The dollar index at 93.50 this morning continues to consolidate above its 20 DMA – the jury is still out as to whether the index is in an up trend or is in a continuation pattern within this year’s downward trend. 92.50 remains our ‘line in the sand’. The euro at 1.1835 is also consolidating, albeit on a front foot, as is the Australian dollar at 0.7666. The yen at 113.12 is weaker and sterling at 1.3381 is consolidating in mid-ground.
The yuan has strengthened, and at 6.5836 is testing resistance that lies between 6.5675 and 6.5715. Other emerging currencies we follow are diverse with the rand stronger at 12.7141 following ANC election results and the rupee also higher at 64.04. But the peso is weaker and looking vulnerable, the rupiah is also on a back footing, while the ringgit is consolidating.
Economic data already out shows Japan’s all industries industrial activity for October climbed 0.3% – it was expected to rise 0.4%, but is up from a 0.5% decline in September. German PPI for November edged up 0.1% after a 0.3% rise in October.
Data out later include EU current account, UK CBI realized sales, China leading indicators, US existing home sales and crude oil inventories. In addition, Bundesbank president Jens Weidmann and Bank of England governor Mark Carney are speaking.
The base metals prices are looking bullish again. With the exception of those of lead, the nearby spreads are not looking particularly tight. We are seeing fresh buying, which suggests that the underlying bullish fundamentals are re-exerting themselves after the profit-taking from October to early December.
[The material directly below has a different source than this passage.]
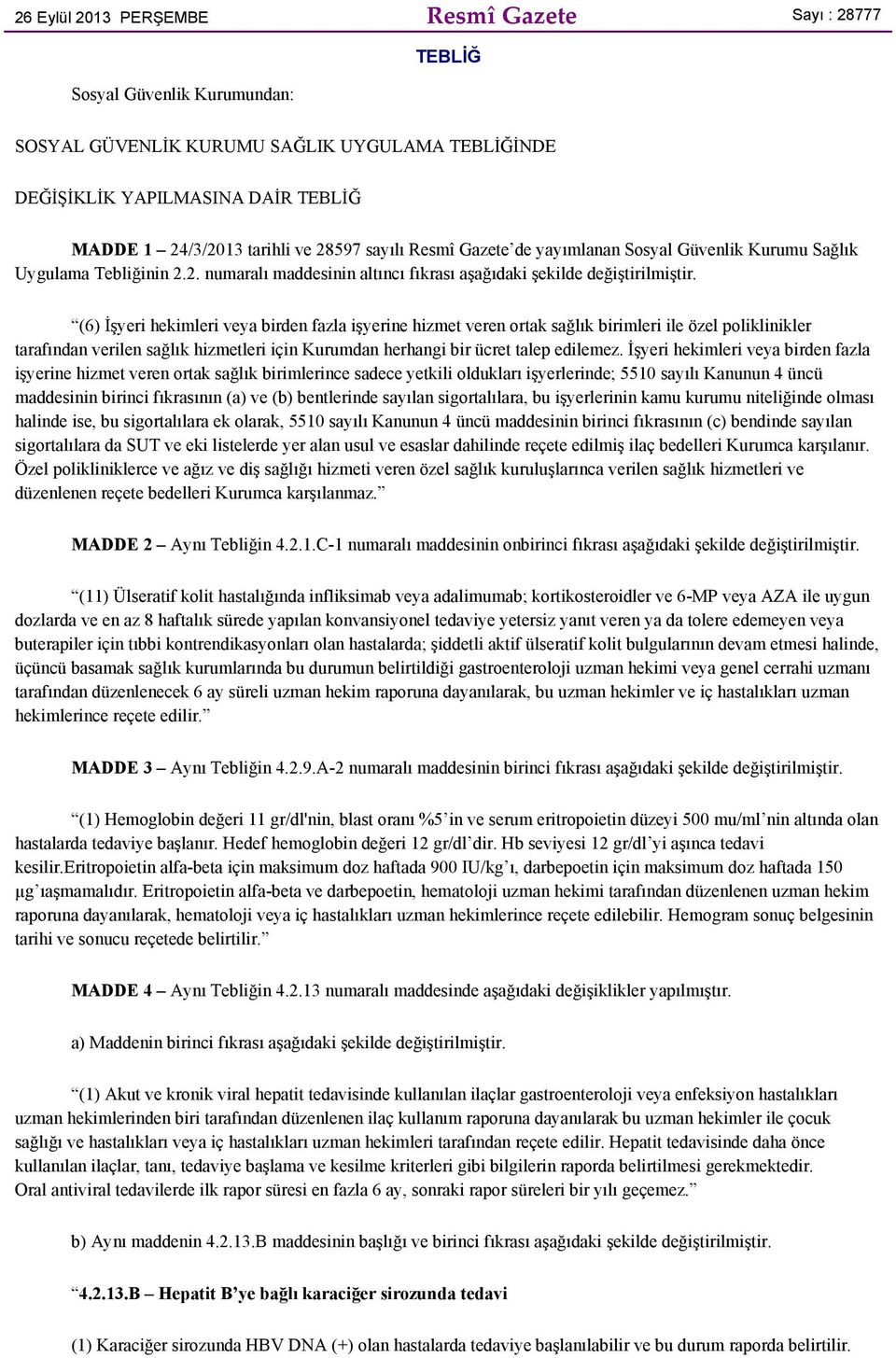 (6) İşyeri hekimleri veya birden fazla işyerine hizmet veren ortak sağlık birimleri ile özel poliklinikler tarafından verilen sağlık hizmetleri için Kurumdan herhangi bir ücret talep edilemez.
We remain quietly bullish and continue to expect range-trading in high ground; it looks as though the base metals could put in a strong finish to 2017 in spite of low trading volumes.
Precious metals are also rebounding – we saw the November weakness as the market again anticipating the December US interest-rate rise, as it did ahead of the rate rises in December 2015 and 2016. With US equities looking stretched, perhaps the recent weakness in gold prices has attracted a pick-up in interest in the yellow metal as an insurance against a correction in equities.